Unnamed: 0,deceptive,hotel,polarity,source,text
0,0,conrad,1,TripAdvisor,We stayed for a one night getaway with family ...
1,0,hyatt,1,TripAdvisor,Triple A rate with upgrade to view room was le...
2,0,hyatt,1,TripAdvisor,This comes a little late as I'm finally catchi...

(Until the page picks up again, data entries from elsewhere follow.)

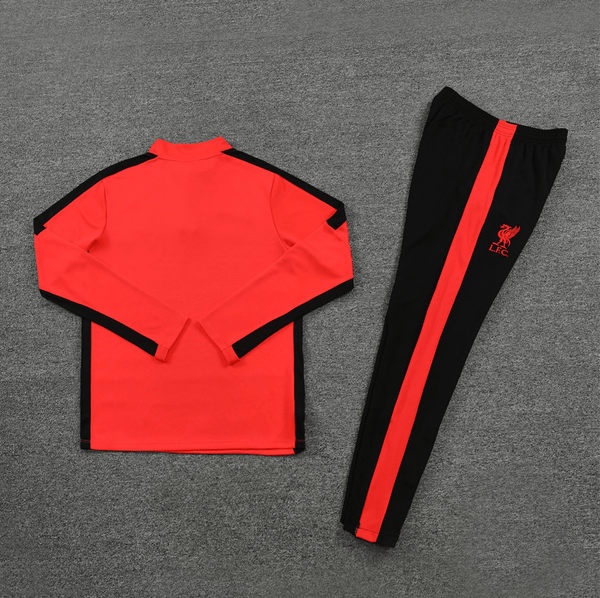Liverpool Chándal Half-Zip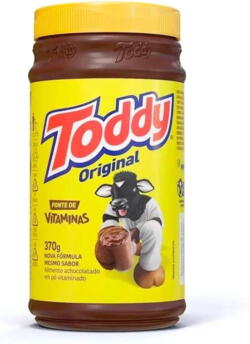 TODDY Chocolate Original 370g.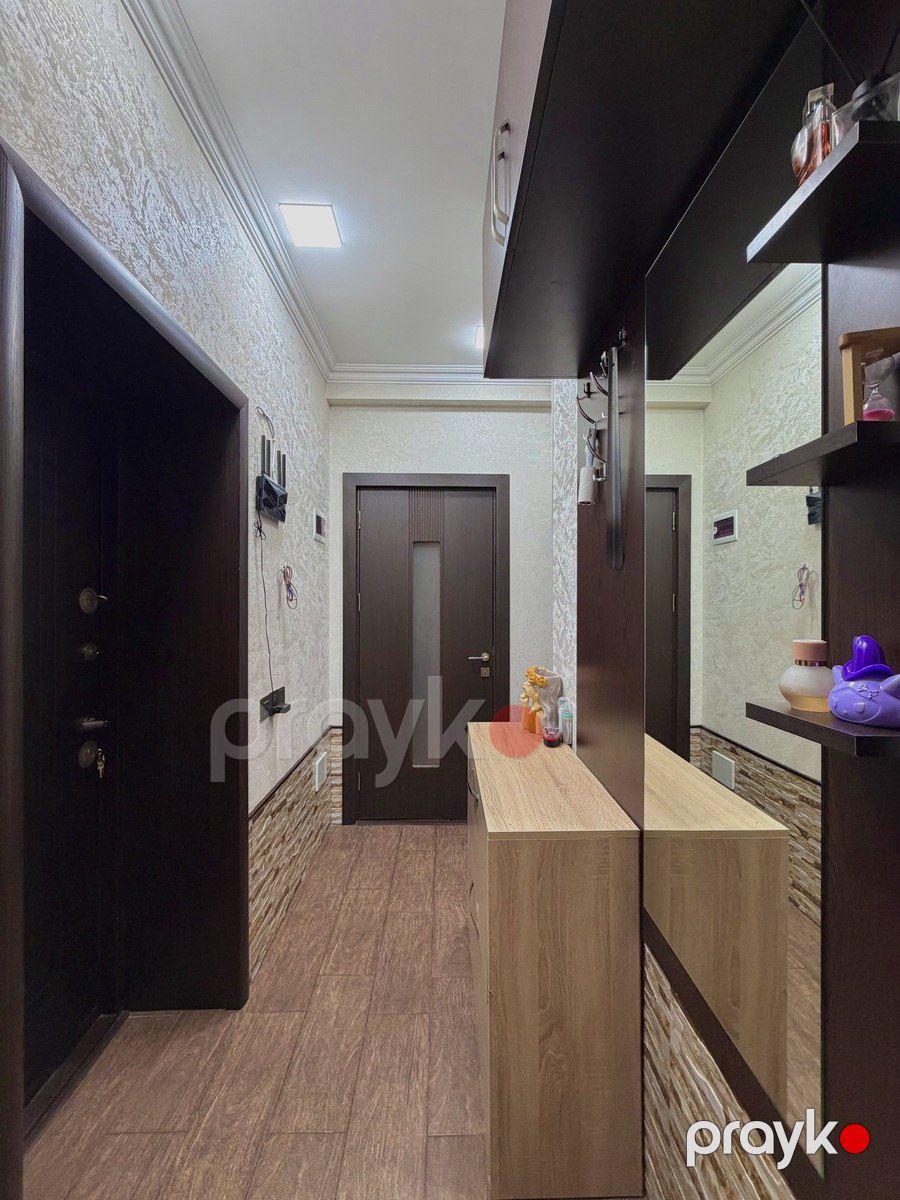 Satılır 2 otaqlı köhnə tikili 60 m² — Mənzil, Bakı (10)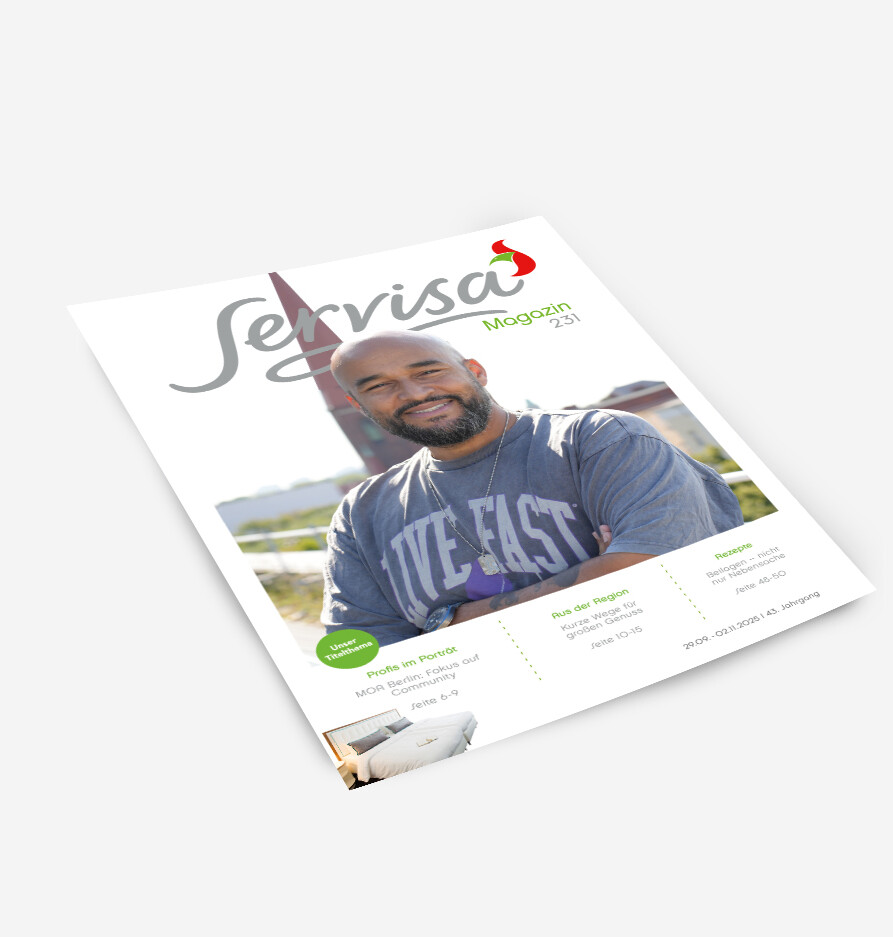 Servisa Magazin Oktober 2025 Servisa Magazin Oktober2025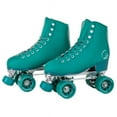 thumbnail image 1 of C7skates Dark Magic Unisex Quad Roller Skates (Enchanted Forest, Women's 7 / Youth 6 / Men's 6), 1 of 10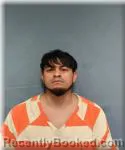 Mugshot of Carlos Gomez-Castro booked in Okaloosa County, Florida on August 21, 2026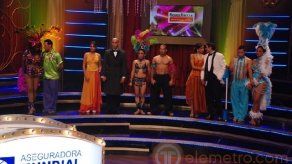 Bailando ya va por la V Gala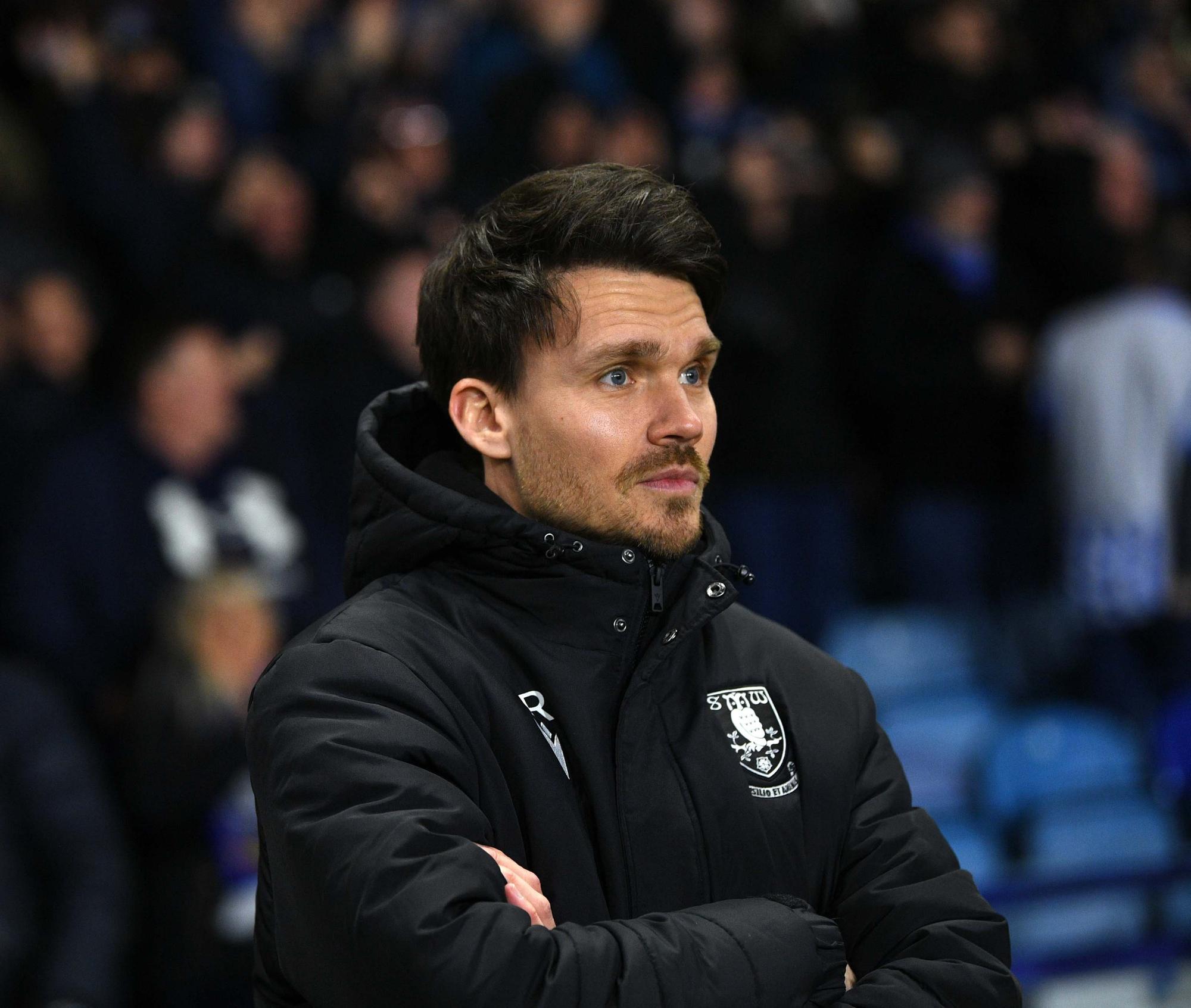 Danny Röhl reacts after Sheffield Wednesday boss is linked with ...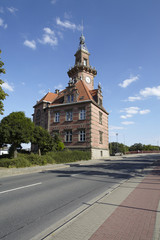 Dortmund - Altes Hafenamt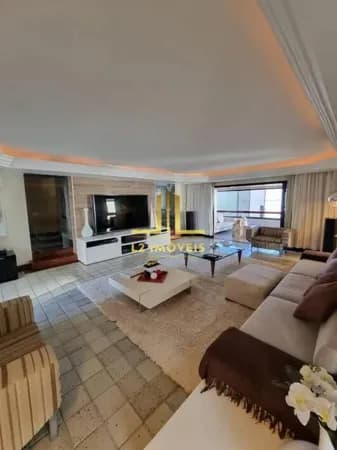 APARTAMENTO ALTO PADRÃO - 4 SUÍTES - 350M² - 04 VAGAS - JARDIM APIPEMA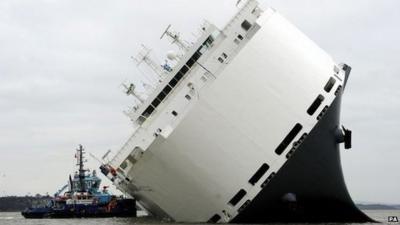 Hoegh Osaka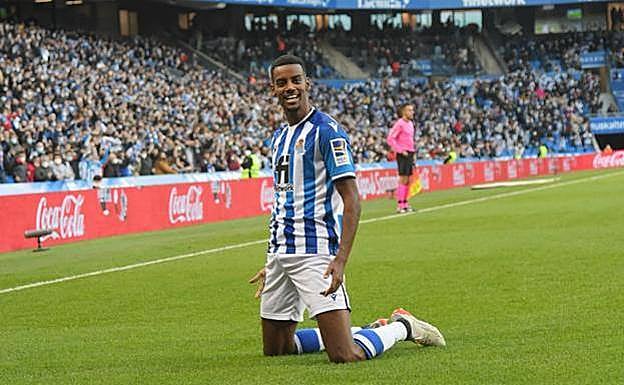 Olabe siempre tiene un as en la manga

## IT'S A FRANKENSTEIN! (aka Pipeline)
P.S. And cross validation F1 score

In [3]:
sfilter = Pipeline([
    ('cleanup_text', CleanUpText()),
    ('bow', CountVectorizer()),
    ('tfidf', TfidfTransformer(use_idf=True)),
    ('clf', LogisticRegression(solver='lbfgs'))
])

In [4]:
%%time
scores = cross_val_score(sfilter, reviews['text'], reviews['deceptive'], scoring=make_scorer(f1_score), cv=10)
print("Average F1 score (by 10 folds): %0.2f (+/- %0.2f)" % (scores.mean(), scores.std() * 2))

Average F1 score (by 10 folds): 0.88 (+/- 0.06)
Wall time: 1min 6s


In [5]:
_ = sfilter.fit(reviews['text'], reviews['deceptive'])

## Model storing

In [6]:
save_model(sfilter, 'models/sfilter.pkl')

Model was saved in models/sfilter.pkl
Use load_model to load model from file.